3. Use of Subscription Service
3.1 Your Responsibilities. You shall, and shall cause Your Participating Affiliates and Users to, access and use the Subscription Service in a professional manner and only in accordance with this Agreement, the Documentation (including the customer systems requirements) and applicable laws and regulations. You shall be responsible for Your Participating Affiliates’ and Users’ compliance with this Agreement. You shall use commercially reasonable efforts to prevent unauthorized access to or use of the Service. Each User must be identified by a unique username and password. If one of Your Affiliates or a User is no longer authorized by You to access and use the Service, You shall terminate or otherwise disable such access and, to the extent required to implement termination of such access, promptly notify Us.
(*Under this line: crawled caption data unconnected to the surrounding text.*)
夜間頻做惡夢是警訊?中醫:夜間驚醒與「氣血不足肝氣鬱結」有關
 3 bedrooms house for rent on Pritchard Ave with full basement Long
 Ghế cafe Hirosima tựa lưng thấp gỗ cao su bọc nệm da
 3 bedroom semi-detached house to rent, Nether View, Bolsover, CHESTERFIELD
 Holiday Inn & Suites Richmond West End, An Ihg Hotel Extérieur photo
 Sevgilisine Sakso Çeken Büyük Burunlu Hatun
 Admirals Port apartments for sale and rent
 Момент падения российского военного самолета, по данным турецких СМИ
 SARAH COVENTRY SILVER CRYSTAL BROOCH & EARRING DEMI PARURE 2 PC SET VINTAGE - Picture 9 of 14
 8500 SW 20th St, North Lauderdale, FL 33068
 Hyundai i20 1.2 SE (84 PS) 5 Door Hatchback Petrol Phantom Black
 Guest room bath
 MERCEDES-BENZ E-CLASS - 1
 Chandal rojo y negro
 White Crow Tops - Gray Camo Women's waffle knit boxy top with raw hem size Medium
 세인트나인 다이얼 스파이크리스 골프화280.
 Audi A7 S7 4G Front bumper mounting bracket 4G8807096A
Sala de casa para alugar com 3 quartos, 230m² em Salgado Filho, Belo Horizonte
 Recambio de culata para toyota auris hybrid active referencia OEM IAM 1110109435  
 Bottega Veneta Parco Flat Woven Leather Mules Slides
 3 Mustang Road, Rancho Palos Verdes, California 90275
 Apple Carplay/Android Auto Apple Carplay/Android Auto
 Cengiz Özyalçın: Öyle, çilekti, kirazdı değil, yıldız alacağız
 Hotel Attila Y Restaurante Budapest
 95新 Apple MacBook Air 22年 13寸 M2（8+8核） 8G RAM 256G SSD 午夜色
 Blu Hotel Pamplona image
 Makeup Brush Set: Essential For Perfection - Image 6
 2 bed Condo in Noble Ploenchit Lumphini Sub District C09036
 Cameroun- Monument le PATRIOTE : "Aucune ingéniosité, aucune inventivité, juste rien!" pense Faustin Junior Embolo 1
3.2 Access and Use. You shall be responsible, through Your master Subscription Service account. “Account”, for designating each Participating Affiliate (up to the number specified in the relevant Orders) and User for each of them. If one of Your Affiliates or a User is no longer authorized by You to access and use the Service, You shall terminate or otherwise disable such access and, to the extent required to implement termination of such access, promptly notify Us.
You are solely responsible for the actions of Your Affiliates and Users relating to access and use of the Subscription Service and for all activities that occur under Your Accounts and Access Credentials, without limitation, and for maintaining the confidentiality of all Access Credentials. You shall not disclose or permit use of Access Credentials to or by any third party other than the applicable Participating Affiliate or User. You shall notify Us immediately and in writing of any unauthorized access to or use of any or Your Accounts or Access Credentials or if any Access Credentials or other Account information is lost or stolen. “Access Credentials” means any username, identification number, password, license or security key, security token, PIN or other security code, method, technology or device used, alone or in combination, to verify an individual’s identity and authorization to access and use the Service.
3.3 Your Data. You represent, warrant and covenant that You own or otherwise have and will have all necessary rights and consents in and relating to Your Data so that, as received by Us and processed for purposes of providing the Subscription Service, Support and any Related Services in any jurisdiction where We have or utilize a data center, support or processing systems (currently the EU and the U.S.), it does not and will not infringe, misappropriate or otherwise violate any intellectual property rights or any privacy or other rights of any third party or violate any applicable law or regulation.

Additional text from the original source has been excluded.